What you need to do:
All of the data that follows is to be printed exactly, without pictures.

[Stored data Boundary: Start]

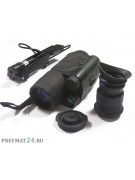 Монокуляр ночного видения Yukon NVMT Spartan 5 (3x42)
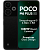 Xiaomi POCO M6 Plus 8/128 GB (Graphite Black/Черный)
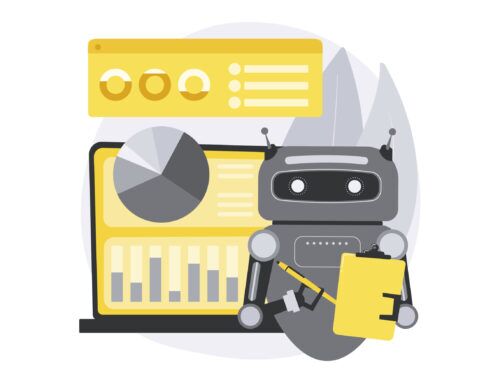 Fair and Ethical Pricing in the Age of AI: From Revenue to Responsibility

[Stored data Boundary: End]

Exercise response:
 Монокуляр ночного видения Yukon NVMT Spartan 5 (3x42)
 Xiaomi POCO M6 Plus 8/128 GB (Graphite Black/Черный)
 Fair and Ethical Pricing in the Age of AI: From Revenue to Responsibility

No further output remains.